Track: Big Data

Theme: CODE

Room: Moebius - Grand Auditorium

On: Oct 4, 2013, from 14:00 to 18:00

Track leader(s): Ori Pekelman (Founder, Constellation Matrix) / Florian Douetteau (CEO, Dataiku) / Vincent Heuschling (Founder, Affini-Tech)

Big ideas on Big Data.. data technologies are changing fast and changing the technology landscape in a big way. This track aims to give at the same time a broad overview on the current state of the art with big data infrastructures, analytics, search, machine learning and real time... and open future perspectives... how do you handle big data over a decade, what is the social and ethical impact it will have? If you have a big data strategy these talks may give you a new perspective, if you don't.. you might very well learn where you are supposed to start.

The is accompanied by two sister tracks to give you the lowdown on everything with dedicated sessions on using NewSQL technologies to tackle huge volumes of data (with MariaDB, SkySQL and Postgres) and hands on workshops on Hadoop orchestration and search technologies.

Talks


14:00 - Big Data Track presentation

Duration: 10 minutes

Speakers: Ori Pekelman (Founder, Constellation Matrix) / Florian Douetteau (CEO, Dataiku) / Vincent Heuschling (Founder, Affini-Tech)

Big ideas on Big Data.. data technologies are changing fast and changing the technology landscape in a big way. This track aims to give at the same time a broad overview on the current state of the art with big data infrastructures, analytics, search, machine learning and real time... and open future perspectives... how do you handle big data over a decade, what is the social and ethical impact it will have? If you have a big data strategy these talks may give you a new perspective, if you don't.. you might very well learn where you are supposed to start.

The is accompanied by two sister tracks to give you the lowdown on everything with dedicated sessions on using NewSQL technologies to tackle huge volumes of data (with MariaDB, SkySQL and Postgres) and hands on workshops on Hadoop orchestration and search technologies.


14:10 - Bigdata is transforming the business intelligence landscape.

Duration: 15 minutes

Speakers: Vincent Heuschling (Founder, Affini-Tech)

It's not only a question a question of volumes. The opportunity is not only on cost efficiency, but on the way you process your data. You'll be able to think about your data globaly. You've got the opportunity to mix every dataset from your organisation with external data and increase value. Everything that have made the succes of large dotcom could be integrated to your business. This is possible even if you're on a traditionnal business. Imagine that your data would be active using Machine Learning. You can create new value using technologies and advanced algorithms like correlations, predictors, and recommender system.
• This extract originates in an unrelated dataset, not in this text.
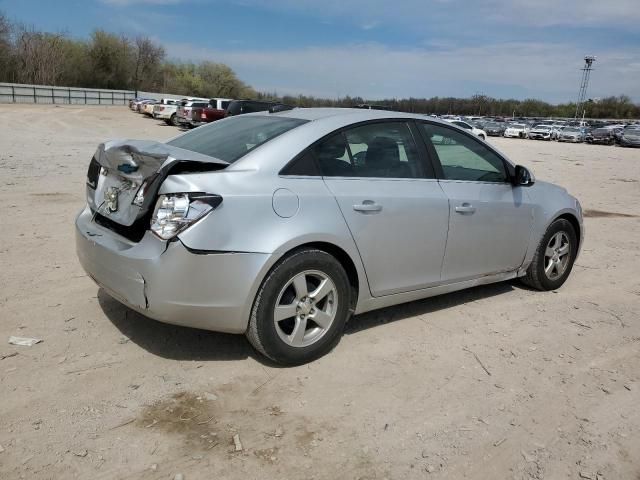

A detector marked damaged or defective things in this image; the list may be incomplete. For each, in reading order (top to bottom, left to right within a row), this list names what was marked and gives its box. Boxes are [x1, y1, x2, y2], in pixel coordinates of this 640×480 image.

dented trunk lid [86, 139, 229, 227]
crumpled rear bumper [74, 206, 270, 334]
damaged silver car [76, 109, 584, 364]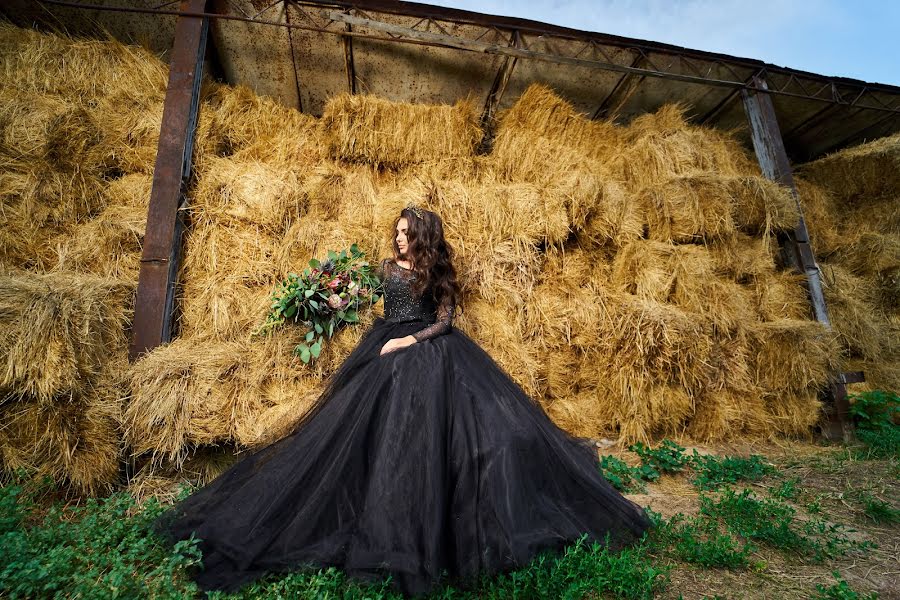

In this talk we will cover all these facets of Bigdata.


14:25 - Data Science : Rebuild or not

Duration: 15 minutes

Speakers: Florian Douetteau (CEO, Dataiku)

Data scientists are supermen that do and redo again the same jobs. Data cleansing, connecting backend with frontend, orchestrating jobs, .... Is there an end to that?


14:40 - Hadoop and the Cloud : what works, what doesn't

Duration: 15 minutes

Speakers: Pierre Couzy (Senior program manager, Criteo)

More and more workloads are beoing pushed to the cloud every month. Hadoop seems the best example of a cloud application, but there's more than meets the eye. This session will focus on the main différences between on-premise and cloud hadoop setups, notably to see what are the impacts of storage and elasticity.


14:55 - Big Data Forever

Duration: 15 minutes

Speakers: Jonathan Winandy (BI platform Engineer, Viadeo)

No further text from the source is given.